TASK DESCRIPTION
Print the line containing "2026 Tesla Model" and all lines after it, unchanged, through the end of the data. Leave the pictures out.

AVAILABLE DATA
--------------------------------------------------

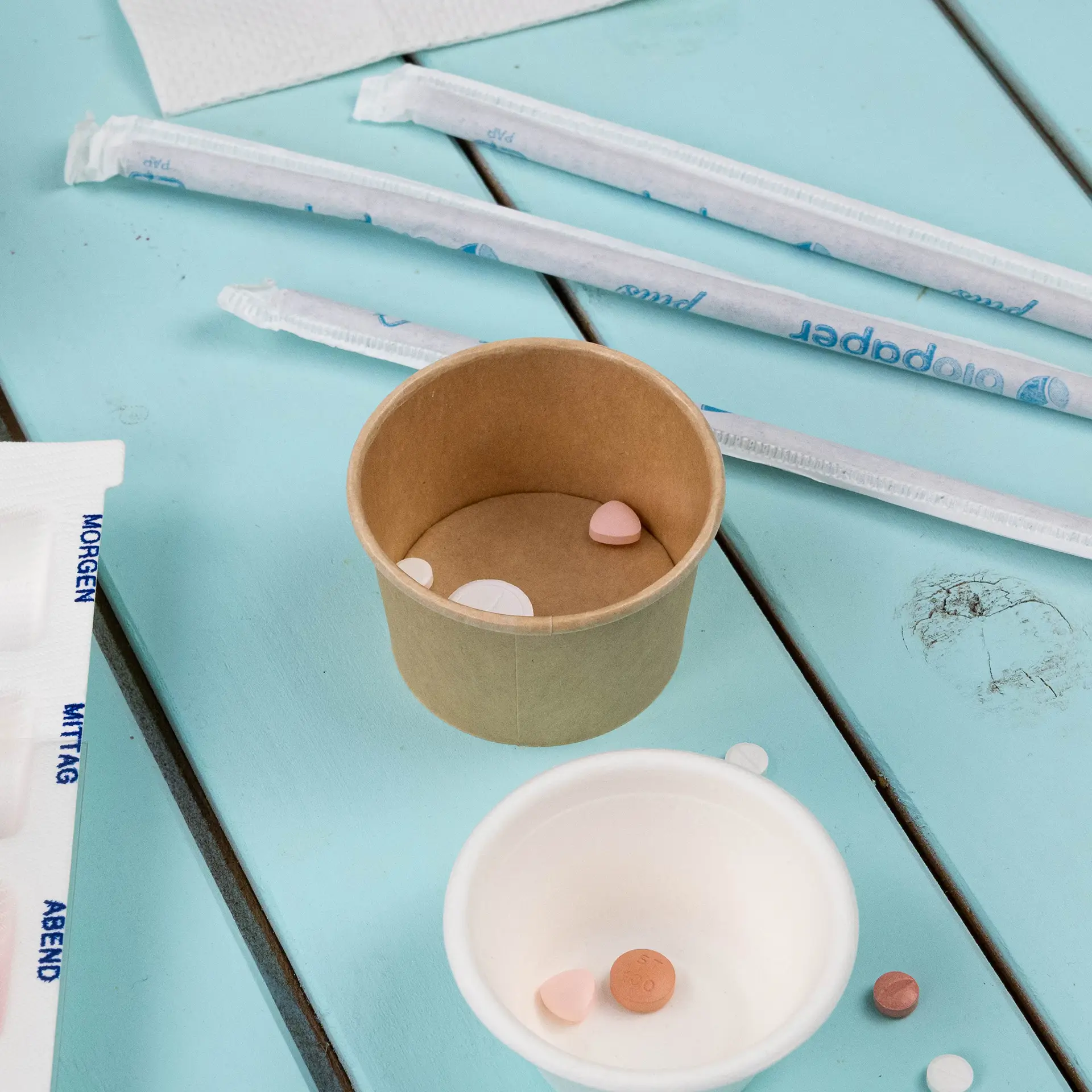 Ein ungebleichter Papp-Becher gefüllt mit kleinen, bunten Gegenständen; umgeben von einem weißen Becher und Papierstrohhalmen.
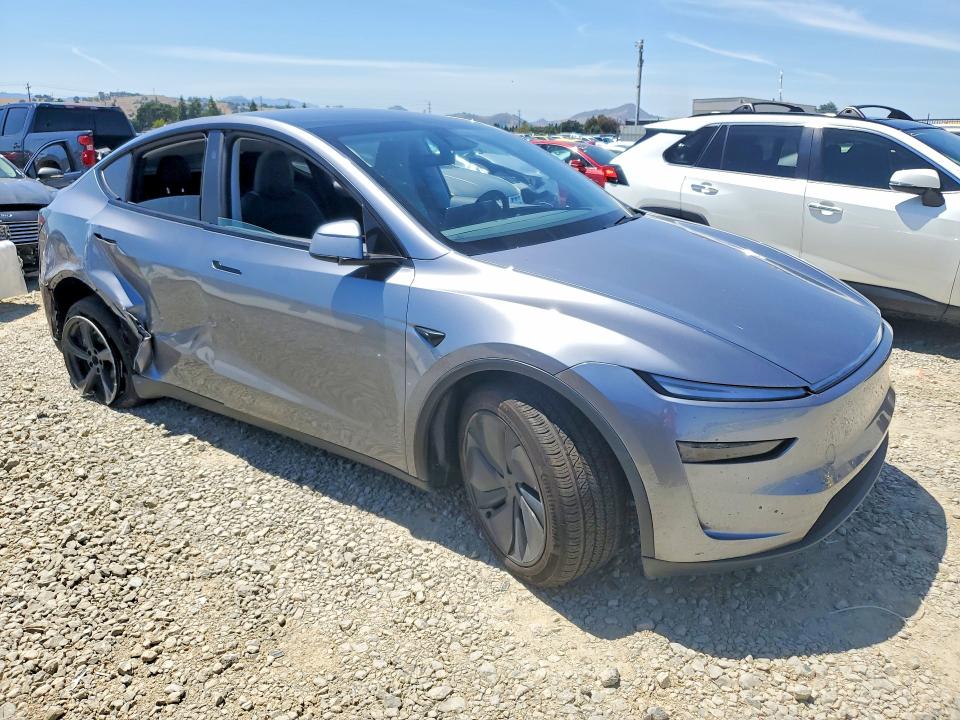 2026 Tesla Model y VIN 7SAYGDEEXTF460740 COPART salvage auction — SIDE, Ca - Salvage Certificate, sold $8,500 on 2026-07-21 (photo 4)
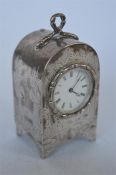 A good quality Victorian mantle clock with Oriental decoration on bracket feet with white enamel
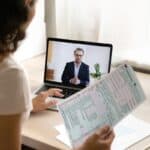 Woman consulting with a tax expert via video call while reviewing tax documents.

--------------------------------------------------

RESPONSE TO THE EXERCISE
 2026 Tesla Model y VIN 7SAYGDEEXTF460740 COPART salvage auction — SIDE, Ca - Salvage Certificate, sold $8,500 on 2026-07-21 (photo 4)
 A good quality Victorian mantle clock with Oriental decoration on bracket feet with white enamel
 Woman consulting with a tax expert via video call while reviewing tax documents.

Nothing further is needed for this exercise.